Had the Labour Party he led borne even a passing resemblance to the Labour Party we thought we had elected into government in 1997, we would not have had to endure the unnecessary and insulting performance that Tony Blair put on last week in the uterine comfort of his constituency in the North-East: that other Labour Party could never have followed him so slavishly wherever he chose to take them in the wake of George Bush, would have known it needed at all costs to replace him for its own long-term good, let alone ours, and so never allowed him the chance of fixing as he very theatrically has the mise-en-scène of a voluntary resignation. And a resignation like no other, date-stamped as it is: we have to gaze on an only half-empty stage for the six weeks between now and 27 June while Blair plays the role of our first ever ex-prime minister-in-waiting.

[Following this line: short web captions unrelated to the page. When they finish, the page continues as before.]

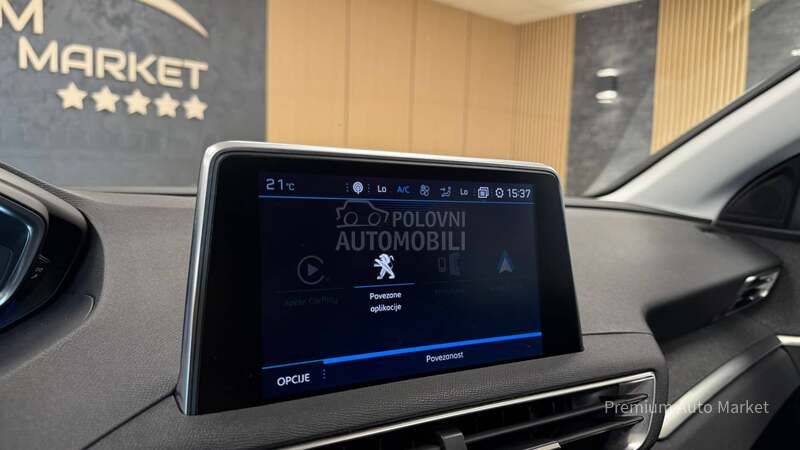 Peugeot 3008 //1.2//PANO/N O V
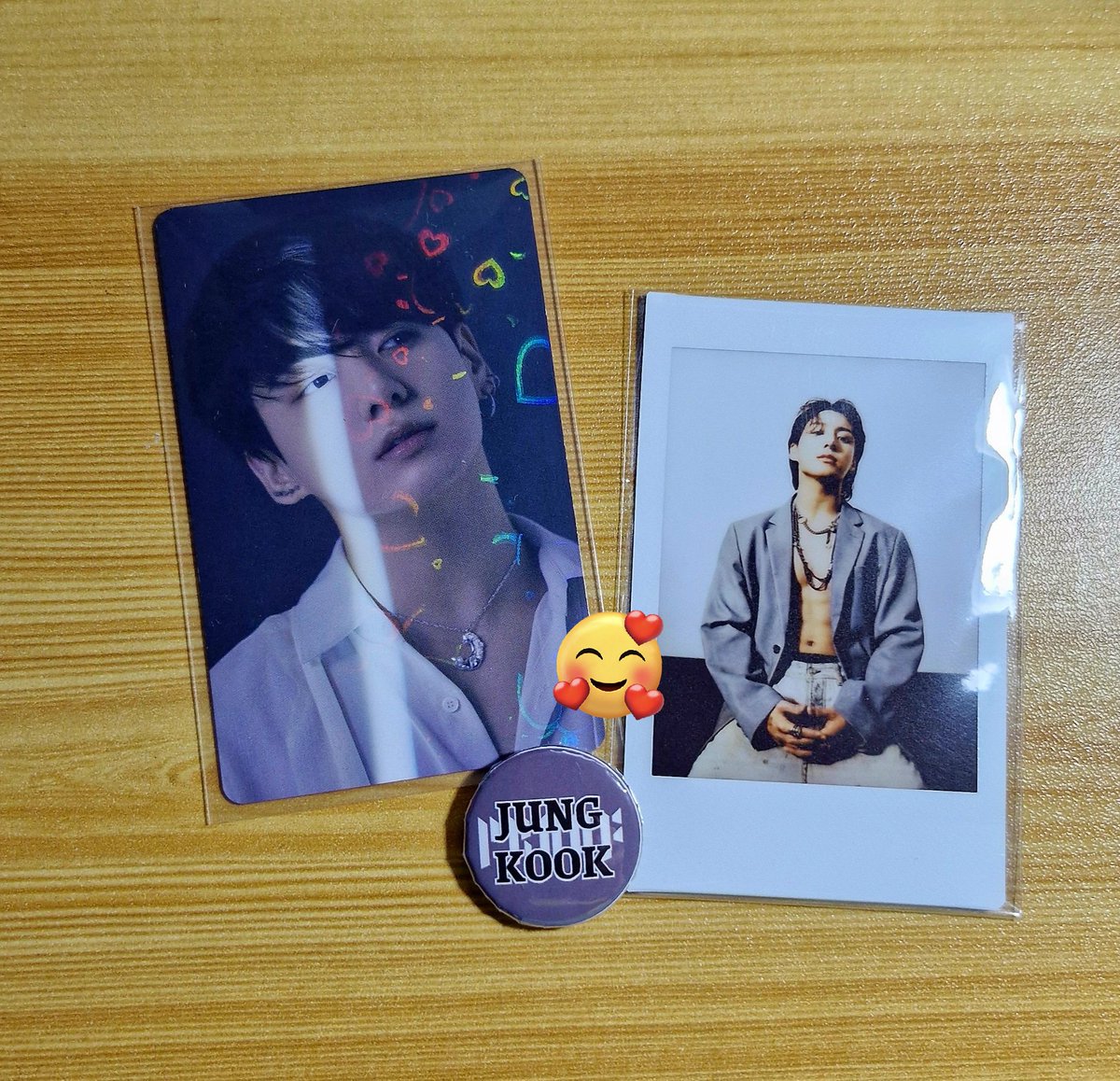 NoriejoonBTS's tweet photo. One of my dream PCs I thought I would never have, and it's here. I'm so happy to finally have it. Thank you so much @_dais_y_ for the fast &amp; hassle-free transaction. Thanks for the freebies too. 😊💜

#HappyDaisFeedback https://t.co/u4Y5WA5pO3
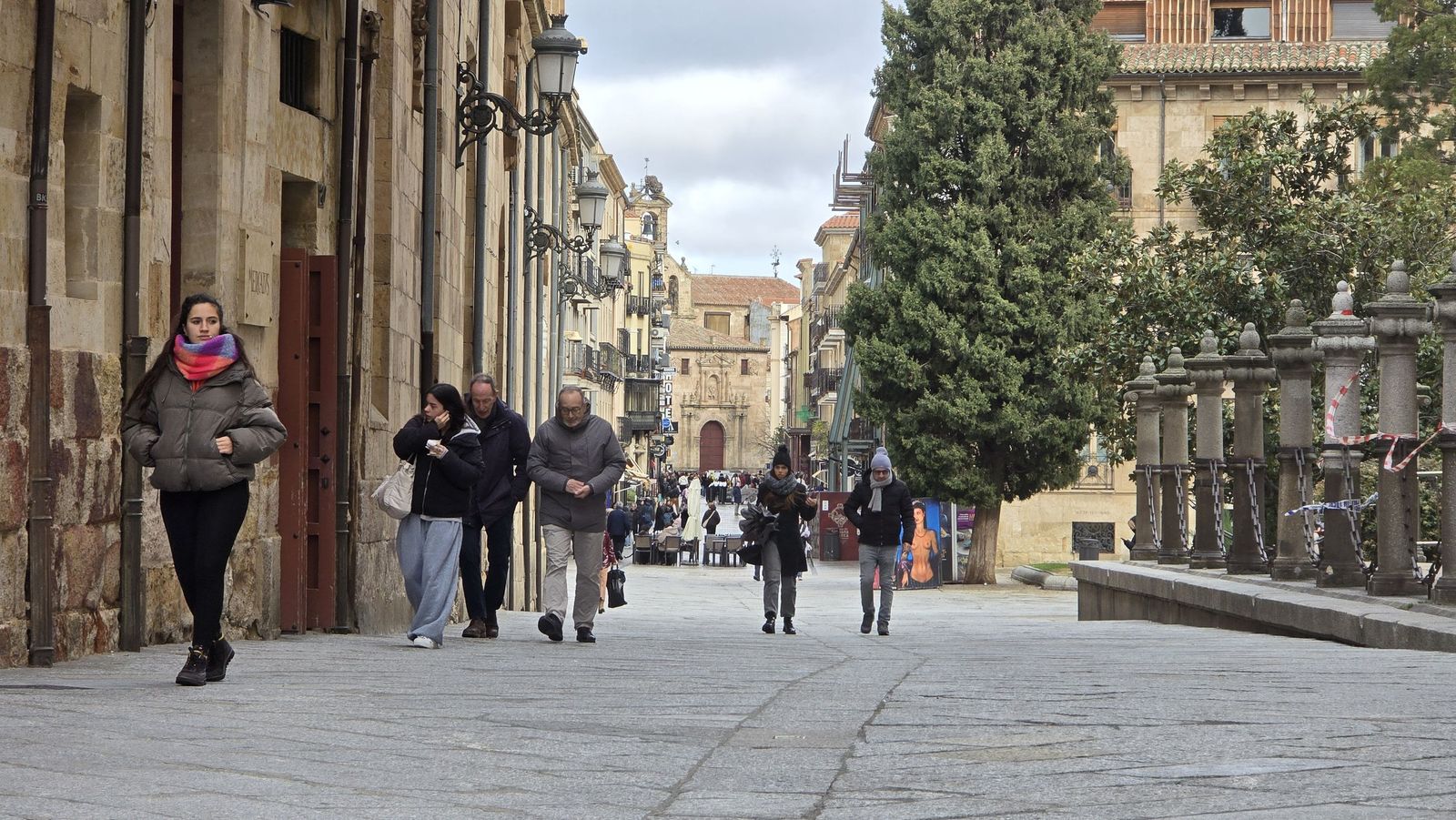 Personas paseando por las calles de Salamanca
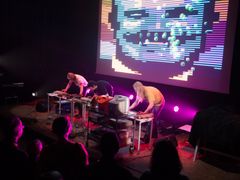 Maunula Elektronik (c) Maunula talo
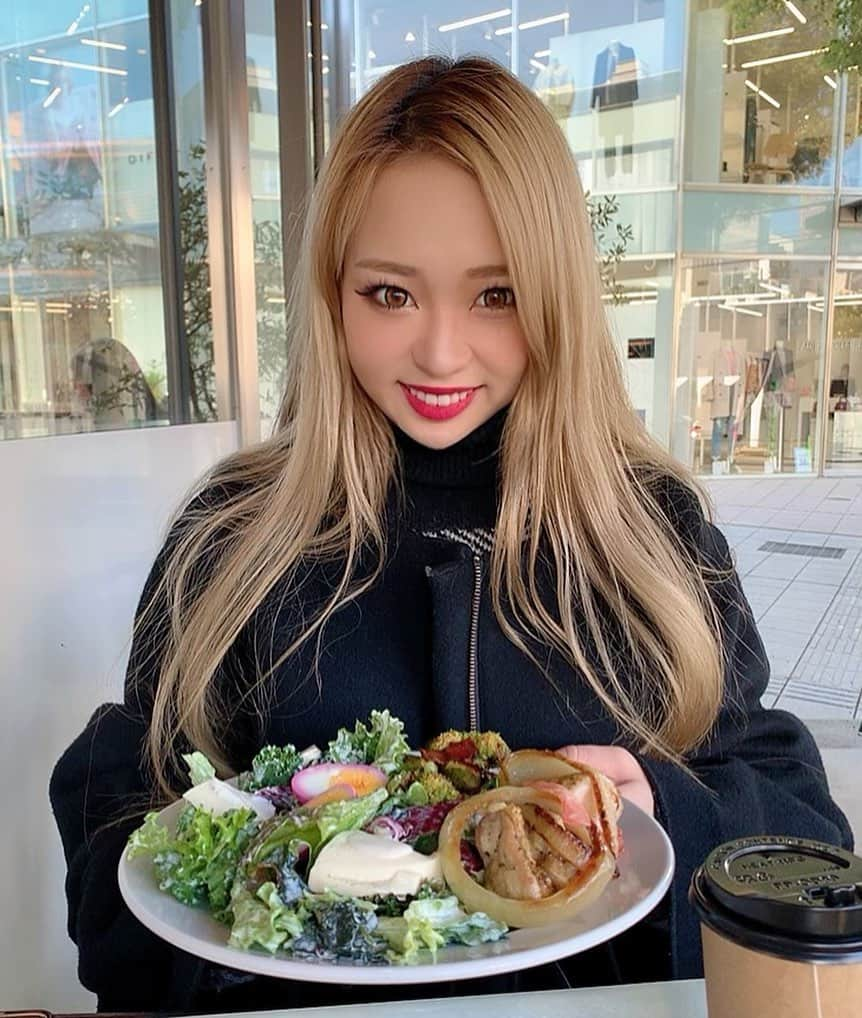 KEIさんのインスタグラム写真 - (KEIInstagram)「今日は暖かかったから 大好きなお店の大好きなテラス席でランチ🥗💕 . 冬晴れはすっきりしてて気持ちいい✨✨ 大好きなサラダでパワーチャージされました✌️ . . #cjd_kei #cjd #cyberjapan #サイバージャパンダンサーズ #サイバージャパン #cityshop #毎食サラダがいい」1月9日 16時37分 - kei_oktwins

His Sedgefield address will not go down in history, unless the quality of political discourse in this country is corroded even further in years to come or political historians lose the plot altogether. It was, as we might have known it would be, an intolerably narcissistic exercise in which the repeated proclamations of the speaker’s sincerity sat more than a little awkwardly with the programmed slickness of their presentation. Back in 1997, we word-watchers found Blair something of a shot in the arm, when we realised that his syntax was more shapely and his vocabulary more enterprising than what we’d become gloomily used to in the leaden or fragmented speech patterns that pass as standard among the political elite. Blair’s fluency was sufficiently striking to make me wonder whether, when John Prescott eventually lumbered into view, he hadn’t been elevated against all the odds into high office simply in order to enhance his leader’s elocutionary merits by some desperate and close-to-home contrast. But the effect of Blair’s delivery when what he is saying is unscripted is very different when, as last week in Sedgefield, the text we are listening to is one whose every rhetorical move has been calculated and whose delivery has been planned and rehearsed ahead of the event.

What Blair said can be read on the Labour Party website. The text is punctuated there in the main only by full stops, for fear that an audience of voters might become rattled by having to take in what sounds like a subordinate clause. Hardly is he underway before he is laying his rhetorical cards on the table: ‘It is difficult to know how to make this speech today. There is a judgment to be made on my premiership. And in the end that is for you, the people to make. I can only describe what I think has been done over these last ten years and perhaps more important why.’ There was no call for Blair to make this pre-resignation speech in the first place, nor to make it a business-jet flight away up in Durham rather than at Westminster, and the pretence that he had found it somehow difficult to get the speech right is a first index to the botched demagoguery of so much that follows. Blair is inviting us all, yet once more, to follow him where we don’t belong and have no wish to be: in among the harped-on ‘convictions’ which, he insists on our knowing, have led him to act as he has over these past ten years. Whatever judgment ‘the people’ may come to, any history worth the name records as fact only what has been done; it may if it wants speculate as to why what was done was done, but only drawing a careful line between the deed and the possible motive. For Blair to suggest that the hidden reasons why he took the actions he did are ‘perhaps more important’ than the actions themselves is a scandal; it would require a degree of self-absorption beyond even him to be unaware that no motive at all can any longer seem sufficient as a justification measured against the consequences that his actions have helped to bring about in Iraq.

The lowest point of this prolonged and empty charade of self-justification came near the end of the speech, when Blair scaled new heights of either shamelessness or self-delusion: ‘But I ask you to accept one thing. Hand on heart, I did what I thought was right. I may have been wrong. That’s your call.’ It’s comforting up to a point to know that someone this capable of persevering in a belief that the jury might still be out on Iraq, or that an appropriate jury might be the surviving Labour faithful in Sedgefield, will soon be ready to head off and market his unacceptable convictions on the US lecture circuit.